> [MATERIAL PROVIDED]
--- START ---

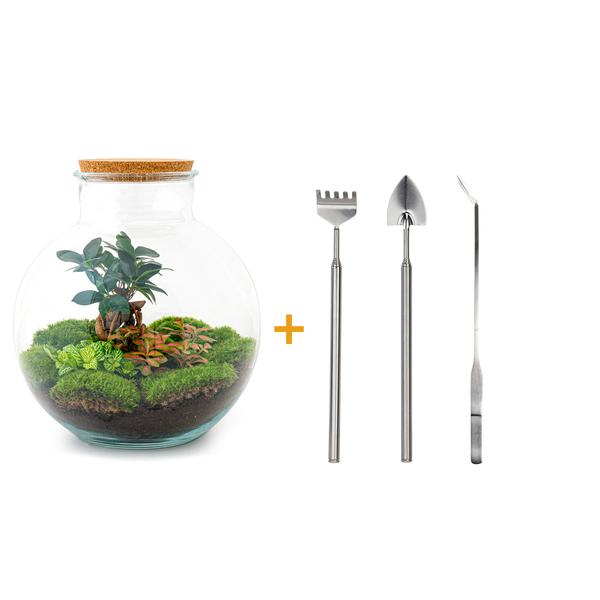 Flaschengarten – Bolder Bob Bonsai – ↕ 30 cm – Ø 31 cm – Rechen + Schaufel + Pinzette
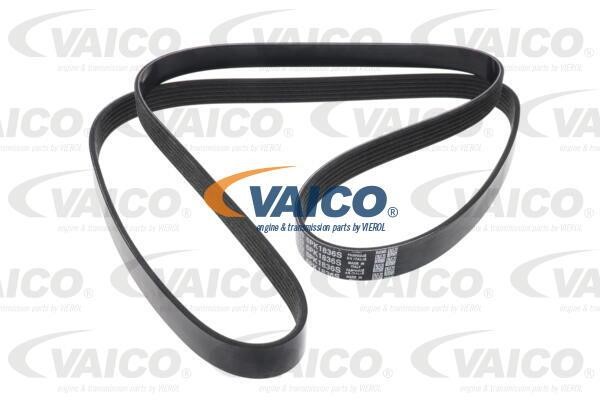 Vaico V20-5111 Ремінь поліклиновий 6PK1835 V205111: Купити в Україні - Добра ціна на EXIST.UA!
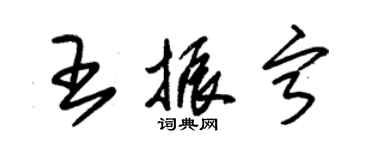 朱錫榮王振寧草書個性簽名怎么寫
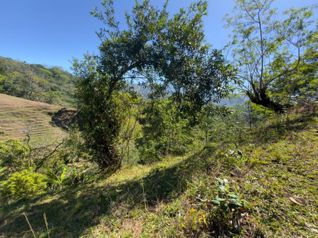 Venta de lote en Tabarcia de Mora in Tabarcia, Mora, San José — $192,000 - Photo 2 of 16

--- END ---

> [EXERCISE]
Word for word, retype all of the data above, but include no pictures.

> [SOLUTION]
 Flaschengarten – Bolder Bob Bonsai – ↕ 30 cm – Ø 31 cm – Rechen + Schaufel + Pinzette
 Vaico V20-5111 Ремінь поліклиновий 6PK1835 V205111: Купити в Україні - Добра ціна на EXIST.UA!
 朱錫榮王振寧草書個性簽名怎么寫
 Venta de lote en Tabarcia de Mora in Tabarcia, Mora, San José — $192,000 - Photo 2 of 16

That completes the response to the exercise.